Desde este encierro sanitario contemplo ahora las calles desiertas. Quizá nunca pensamos que en toda nuestra vida nos alcanzaría esta visión: la de un país paralizado, detenido, no por una nevada, sino por un virus al que sólo los científicos ponen cara. La sombra del contagio convierte las calles en lugares huecos y fantasmagóricos. El vacío lo puebla todo desde hace unas horas. Pero la realidad está sucediendo, a pesar de este súbito silencio. Frente a las calles en las que ahora sólo se escucha el canto de los pájaros, en el vientre de los hogares retumban los informativos interminables, el continuum cada vez más pastoso de los hechos de la epidemia, las voces sin fin. Como nos decía el otro día el director de este periódico: corremos el peligro de no hablar de otra cosa.

La sociedad hiperconectada tiene en las tecnologías un buen instrumento para paliar algunos males del confinamiento, pero también el peligro, tantas veces comentado aquí, de la sobredosis de información. Conozco a quien lo ha apagado todo, hasta nueva orden. Espera encontrar aquellos viejos libros, dedicarse a la contemplación y a la lectura, como en un viejo monasterio. Así debieron ser las epidemias del pasado. ¡Hubo tantas y tan terribles! Me imagino la soledad de los que contemplaban el goteo de la muerte. Leo, ahora, de nuevo, pasajes del ‘Diario del año de la peste’, de Daniel Defoe, donde se da cuenta, diría que de una forma casi matemática (a pesar de que fue escrito mucho después), de la epidemia de 1665 en Londres. Son muchos los libros que hablan de pestes pasadas (Julio Llamazares citaba el otro día ‘El Decamerón’, donde un escenario medieval de muerte se convierte, a pesar de todo, en el lugar adecuado para contar historias erótico-festivas). Estos días muchos de estos libros, quizás con ‘La Peste’ de Camus al frente, aparecen entre los recomendados para recordarnos que todo el mal ha sucedido ya alguna vez y que nada, aunque nos lo parezca, es enteramente nuevo.

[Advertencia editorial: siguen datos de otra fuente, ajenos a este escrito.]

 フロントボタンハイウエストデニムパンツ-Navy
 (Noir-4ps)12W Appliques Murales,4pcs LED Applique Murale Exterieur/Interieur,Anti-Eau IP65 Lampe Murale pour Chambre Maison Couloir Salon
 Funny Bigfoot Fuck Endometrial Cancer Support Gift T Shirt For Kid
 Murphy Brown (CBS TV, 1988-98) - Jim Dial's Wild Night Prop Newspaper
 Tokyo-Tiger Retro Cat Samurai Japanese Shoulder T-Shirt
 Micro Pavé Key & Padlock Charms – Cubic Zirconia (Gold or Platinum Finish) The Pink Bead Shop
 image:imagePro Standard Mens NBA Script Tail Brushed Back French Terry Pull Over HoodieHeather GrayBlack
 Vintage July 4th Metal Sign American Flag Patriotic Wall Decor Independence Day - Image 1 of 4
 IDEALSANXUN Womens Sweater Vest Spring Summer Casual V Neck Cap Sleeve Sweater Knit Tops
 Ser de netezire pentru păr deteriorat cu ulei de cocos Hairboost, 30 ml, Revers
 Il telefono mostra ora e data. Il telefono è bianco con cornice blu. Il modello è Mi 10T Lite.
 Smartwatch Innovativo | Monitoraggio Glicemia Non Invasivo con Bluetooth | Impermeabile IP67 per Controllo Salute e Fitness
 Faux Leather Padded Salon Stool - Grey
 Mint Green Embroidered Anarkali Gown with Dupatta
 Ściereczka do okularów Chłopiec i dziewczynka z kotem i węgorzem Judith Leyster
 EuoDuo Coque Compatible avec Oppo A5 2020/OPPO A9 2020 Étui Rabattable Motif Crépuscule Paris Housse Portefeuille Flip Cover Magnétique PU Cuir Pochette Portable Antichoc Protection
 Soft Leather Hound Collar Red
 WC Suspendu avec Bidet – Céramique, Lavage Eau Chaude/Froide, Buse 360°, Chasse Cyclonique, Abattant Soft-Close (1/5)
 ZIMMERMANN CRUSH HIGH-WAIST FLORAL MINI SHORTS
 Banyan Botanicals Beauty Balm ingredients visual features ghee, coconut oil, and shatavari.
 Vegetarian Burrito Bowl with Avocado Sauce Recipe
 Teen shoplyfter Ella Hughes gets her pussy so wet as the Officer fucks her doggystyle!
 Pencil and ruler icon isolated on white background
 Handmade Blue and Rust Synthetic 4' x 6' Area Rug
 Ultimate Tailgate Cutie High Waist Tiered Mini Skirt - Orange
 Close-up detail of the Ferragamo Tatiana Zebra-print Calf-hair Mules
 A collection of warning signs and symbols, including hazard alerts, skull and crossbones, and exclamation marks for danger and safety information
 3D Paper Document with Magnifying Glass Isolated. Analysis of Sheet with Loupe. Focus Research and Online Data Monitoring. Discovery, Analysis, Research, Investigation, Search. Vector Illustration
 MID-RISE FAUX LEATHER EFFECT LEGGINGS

Es verdad que en las pantallas el miedo y el estupor se retroalimentan. Como sucede en otras muchas cosas en este tiempo, se diría que nos hemos hecho adictos al vértigo, incluso a la exposición detallada de los males que nos aquejan. Nada más lejos de mi intención que parecer un moralista, pero creo que esta crisis nos cambiará, aunque también sé que nuestra memoria es escasa. Debería cambiar nuestra percepción sobre las prioridades de los seres humanos. Llevamos ya demasiados años en los que la sociedad global se ha vuelto antipática, deseosa de repartir culpas y lecciones a los otros. Demasiado narcisismo y no poco egocentrismo. No creo en las lecciones del sufrimiento, porque soy un defensor de la alegría y de los placeres de la vida. Nada que ver con el sentimiento atrabiliario, ni con el miedo medievalizante al castigo por tanta soberbia, que tanto se usó en las viejas pandemias. Es algo mucho más terrenal, pero también fieramente humano. Este grave incidente sanitario que nos mantiene ahora confinados, seguramente aún sorprendidos de lo que nos puede pasar en apenas unas semanas, debería recordarnos la fragilidad de la vida, la estupidez de muchas de las enconadas peleas cotidianas, de las luchas de poder, de los vanos intentos de marcar distancias. Como en aquellas nevadas de la infancia, el virus ha venido para borrar los límites, las fronteras, las diferencias, y quizás nos obligue a pensar, ahora que al fin tenemos tiempo. Ojalá vuelva el prestigio de la alegría.